A Comuna de Barcarena

J.M. Costa Feijão

Remontam aos pri­mór­dios do sé­culo XVI as no­tí­cias das Fer­ra­rias de El-Rei, em Bar­ca­rena, como fá­brica sus­ten­tada por conta da fa­zenda real de D. Ma­nuel I, ope­rando com en­ge­nhos mo­vidos pela energia hi­dráu­lica pro­por­ci­o­nada pela Ri­beira de Agualva. No surto de in­dús­trias ma­nu­fac­tu­reiras que se ex­pandiu entre 1720 e 1740, foi reins­ta­lada a fá­brica de pól­vora em Bar­ca­rena, vol­tando a ser ad­mi­nis­trada pelo Es­tado, por in­ter­médio da Junta dos Três Es­tados em 1753.

A in­ques­ti­o­nável im­por­tância lo­gís­tica do sector era tal que, entre 1763 e 1769, os tra­ba­lha­dores li­gados às fá­bricas de pól­vora de Al­cân­tara e Bar­ca­rena, já in­te­gravam os qua­dros do Es­tado na ex­plo­ração de ac­ti­vi­dades in­dus­triais e, nesse húmus de mes­teres me­ta­lúr­gicos e pol­vo­ristas, se foram cal­de­ando ex­pe­ri­ên­cias e cons­truindo uma cons­ci­ência ope­rária.

Foram estas raízes que nos per­mitem en­tender o pos­te­rior apa­re­ci­mento dum ope­rário, Júlio da Silva Rego, como de­le­gado ao I Con­gresso do PCP, em re­pre­sen­tação da Co­muna de Bar­ca­rena, a 10 de No­vembro de 1923.

Pelas fontes dis­po­ní­veis, a or­ga­ni­zação local do co­mu­nistas cedo ga­nhou sig­ni­fi­ca­tiva in­fluência po­lí­tica e, em 23 de Março de 1924, re­a­liza-se a sessão so­lene de inau­gu­ração da sede da Co­muna de Bar­ca­rena, pre­si­dida por José da Mota Amorim, da Fe­de­ração Co­munal de Lisboa, Ma­xi­mi­niano Pi­nheiro, da or­ga­ni­zação local, e Ma­nuel Pe­droso, da Co­muna da Ama­dora.

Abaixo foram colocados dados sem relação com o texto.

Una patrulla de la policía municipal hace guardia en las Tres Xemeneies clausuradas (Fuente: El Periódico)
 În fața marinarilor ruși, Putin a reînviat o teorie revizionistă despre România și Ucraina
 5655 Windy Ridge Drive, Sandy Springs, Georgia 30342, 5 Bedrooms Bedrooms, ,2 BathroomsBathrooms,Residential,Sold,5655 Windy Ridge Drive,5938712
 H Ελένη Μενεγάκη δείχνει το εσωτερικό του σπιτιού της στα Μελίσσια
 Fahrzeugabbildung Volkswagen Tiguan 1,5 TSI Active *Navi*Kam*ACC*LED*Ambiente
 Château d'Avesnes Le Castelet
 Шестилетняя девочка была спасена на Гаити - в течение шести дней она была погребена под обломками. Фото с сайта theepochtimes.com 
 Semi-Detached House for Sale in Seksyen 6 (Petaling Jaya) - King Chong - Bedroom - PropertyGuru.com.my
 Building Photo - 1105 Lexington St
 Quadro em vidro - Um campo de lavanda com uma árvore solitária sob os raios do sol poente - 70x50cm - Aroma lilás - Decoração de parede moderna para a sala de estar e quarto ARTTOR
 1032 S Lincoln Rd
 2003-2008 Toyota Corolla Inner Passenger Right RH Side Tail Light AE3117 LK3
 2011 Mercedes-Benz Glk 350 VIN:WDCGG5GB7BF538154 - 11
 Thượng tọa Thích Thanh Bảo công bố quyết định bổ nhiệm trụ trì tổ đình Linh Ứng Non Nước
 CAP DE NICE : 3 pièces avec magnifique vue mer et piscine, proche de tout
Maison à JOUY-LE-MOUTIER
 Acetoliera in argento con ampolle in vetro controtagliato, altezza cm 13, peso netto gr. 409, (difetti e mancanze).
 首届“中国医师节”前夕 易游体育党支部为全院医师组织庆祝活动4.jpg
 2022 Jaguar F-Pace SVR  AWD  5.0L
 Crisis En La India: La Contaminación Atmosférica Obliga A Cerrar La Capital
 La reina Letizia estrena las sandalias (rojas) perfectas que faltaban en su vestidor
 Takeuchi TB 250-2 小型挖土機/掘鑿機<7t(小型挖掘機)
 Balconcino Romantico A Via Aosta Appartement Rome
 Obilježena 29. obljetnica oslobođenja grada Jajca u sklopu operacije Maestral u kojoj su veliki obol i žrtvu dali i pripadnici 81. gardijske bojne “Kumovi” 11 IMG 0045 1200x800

Du­rante a sessão in­ter­vi­eram, entre ou­tros, um de­le­gado da Sub­co­missão Sin­dical da Co­missão Cen­tral do PCP, e Carlos de Araújo, do Se­cre­ta­riado da Fe­de­ração Co­munal de Lisboa, que exor­taram os tra­ba­lha­dores a con­fi­arem no triunfo do co­mu­nismo, cha­mando a atenção para a ne­ces­si­dade e im­por­tância da sin­di­ca­li­zação. O acto foi abri­lhan­tado pela Fi­lar­mó­nica de Brejos que tocou A In­ter­na­ci­onal, en­tu­si­as­ti­ca­mente aplau­dida pela as­sis­tência, en­quanto uma bri­gada de jo­vens co­mu­nistas cons­ti­tuída por: Maria José de Oli­veira, Fe­li­ci­dade Pra­zeres Du­arte, Sofia Mo­reira e Maria do Cabo, pro­cedeu à venda de um dís­tico com o em­blema da URSS.

Da in­tensa ac­ti­vi­dade dos co­mu­nistas de Bar­ca­rena falam os re­sul­tados. - Em 5 de Abril de 1925, no Largo 1.º de Maio, pro­movem um grande co­mício de pro­pa­ganda, lar­ga­mente par­ti­ci­pado pelos ope­rá­rios da Fá­brica da Pól­vora e onde in­ter­vi­eram o ar­se­na­lista do exér­cito Júlio Luís sobre «a AIT, o Con­gresso de Ams­terdão e a ati­tude da CGT», Carlos Mar­ques, dos Par­ti­dá­rios da ISV-In­ter­na­ci­onal Sin­dical Ver­melha, sobre «a ne­ces­si­dade de ins­trução dos tra­ba­lha­dores e dos seus fi­lhos, como forma de se li­ber­tarem do jugo da bur­guesia», e o de­le­gado da Fe­de­ração Co­munal de Lisboa, Ma­nuel Fer­reira Quartel, sobre «a or­ga­ni­zação ope­rária antes e de­pois da Grande Guerra». - Em 4 de No­vembro, re­a­lizam um co­mício de pro­pa­ganda elei­toral e, cul­mi­nando o es­forço mi­li­tante, em 8 de No­vembro de 1925, são eleitos os pri­meiros can­di­datos co­mu­nistas, nas elei­ções au­tár­quicas em Vale de Vargo, São Manços, So­bral da Adiça, Ama­dora e Bar­ca­rena.